*What to do*.
The reply should contain every line of the data, repeated exactly, and no pictures.

** Data listing follows **

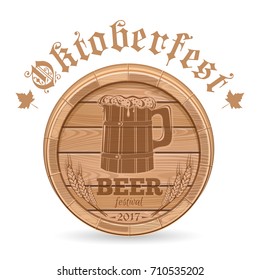 Oktoberfest logo design. Beer festival 2017. Wooden beer keg. Beer wooden barrel. Vector illustration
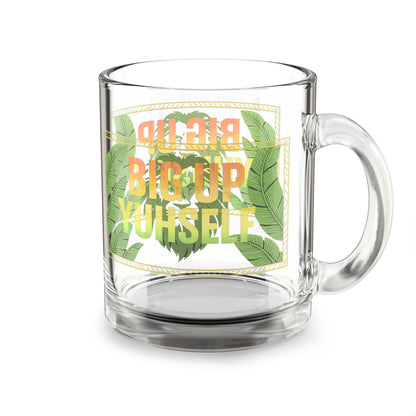 "Big Up Yuhself" Glass Mug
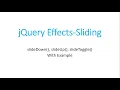 jQuery Sliding Effects-slideDown slideUp slideToggle With Example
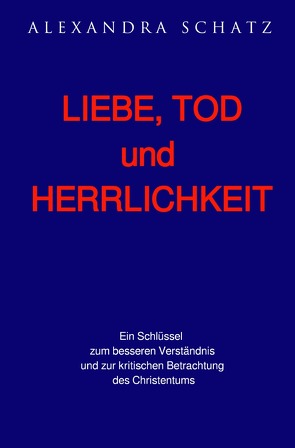 Liebe, Tod und Herrlichkeit von Schatz,  Alexandra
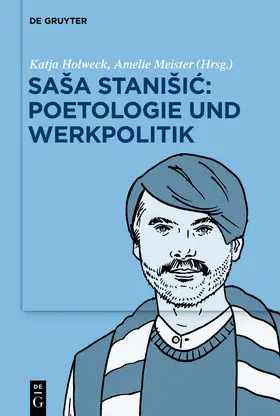 Holweck / Meister |  Sa¿a Stani¿i¿: Poetologie und Werkpolitik | Buch |  Sack Fachmedien
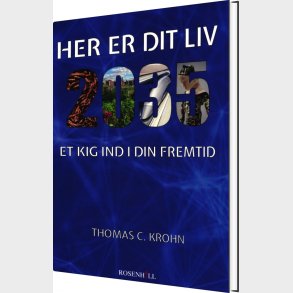 Her Er Dit Liv - 2035 - Thomas C. Krohn - Bog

** End of Data listing **

*Result below*.
 Oktoberfest logo design. Beer festival 2017. Wooden beer keg. Beer wooden barrel. Vector illustration
 "Big Up Yuhself" Glass Mug
 jQuery Sliding Effects-slideDown slideUp slideToggle With Example
 Liebe, Tod und Herrlichkeit von Schatz,  Alexandra
 Holweck / Meister |  Sa¿a Stani¿i¿: Poetologie und Werkpolitik | Buch |  Sack Fachmedien
 Her Er Dit Liv - 2035 - Thomas C. Krohn - Bog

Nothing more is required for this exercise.